2.) Night Weasels taught me, chasing pros makes me perform better. OK–it’s usually when they’ve just lapped me, but it does provoke a response from me, and that makes my entire race faster. I also like watching the lines they take. Teachable moments.
3.) I’d rather race for 45 minutes instead of 30, especially when I’m driving 2 hours to get there. I mean, these 30 minute races leave me a bit wanting. It’s not enough. If I have an opportunity to go for longer, I will.
4.) Points. Even in last, my points for this race will be low, which will help me getting placed for a better starting position at a future race.
5.) I’m not a beginner. Hey I know I’m not fast, and not fast enough to have upgraded to Cat 3 without me writing to USA Cycling and requesting it, but I know what I’m doing. I am comfortable dismounting and remounting and shouldering and will yield to a faster rider. I know I won’t get in anyone’s way and would never forgive myself if I did.
So–a little humility is necessary. I have never placed last in a cyclocross race, but this weekend, It’s extremely probable that I will. But it’s important to remember, even when you accept that you’re not as fast as the rest, that anything can happen in a cross race. Anything. It’s a sport rife with unpredictables. So never count your chickens, because a hell of a lot of things can hatch in 45 minutes on a cyclocross course.
Hitting the pause button is hard for me, especially when it’s not really me pressing it. I haven’t raced since the end of Holy Week, since the KMC Cyclocross Festival in Providence. I’m not riding as much and I’m feeling like I’m that kid with her face pressed against the glass of her computer screen, looking at the thousands of rad images of local cx races, just an hour or two drive away. (Disclaimer: None of the images in this post are of me. Sad face here.)
I knew this would happen and planned for it, but it’s still hard.
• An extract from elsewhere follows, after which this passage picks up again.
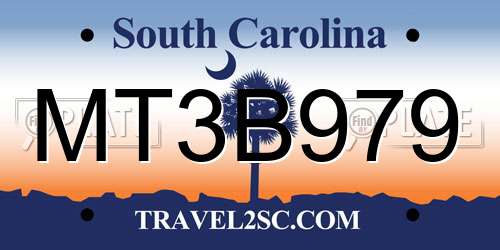 MT3B979 South Carolina License Plate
Next weekend I reboot, starting with Paradise Cx Frenzy at the Harpoon Brewery in Windsor, VT. Then the following weekend, I race the whole weekend at Northampton, my adopted “hometown” race. Then I’m not sure where I’m racing mid November, but it will be somewhere. The goal will be to race a minimum of 4 more events, max of 8. I doubt it will be 8, but never say never. Here’s the lineup I’m considering:
Paradise CX Frenzy, Windsor, VT October 31
Cycle-Smart International Cyclocross-Northampton, MA November 7-8
Cheshire CX, Cheshire, CT November 14 Tentative
NECXBAR, Fitchburg, MA November 29
The Ice Weasels Cometh, Cumberland, RI December 12
I got out once this weekend (only once! I’m going out of my mind), but I made it count. I had a great ride–some road, some grass, some woods, some gravel, some skills work. I felt sharp and that felt good. Maybe I haven’t slipped too far over the last 3 weeks.
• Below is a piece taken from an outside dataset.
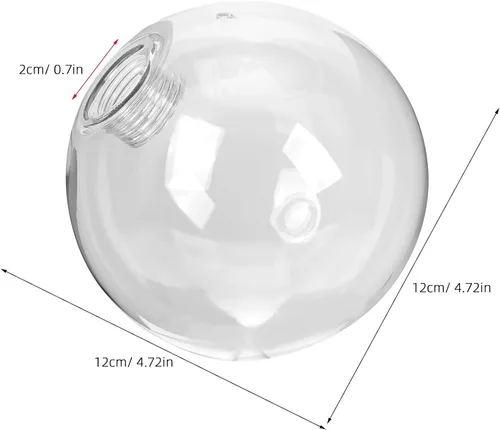 Vista 2 de Globo de luz de vidrio transparente esférico pantalla de cristal G9 roscada burbuja para luz (4.724 in) lámpara poste sombra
Watching the days grow shorter, and my schedule fill with obligations fills me with dread. It occurred to me that maximum security prisoners get more exercise time a day than I do. Not trying to be a drama queen, but life can feel so out of balance, it challenges my sense of fair play. I’m thinking more of next year, and what kind of adventures I want to have. More to come on that, but first, I have some ‘cross racing to do.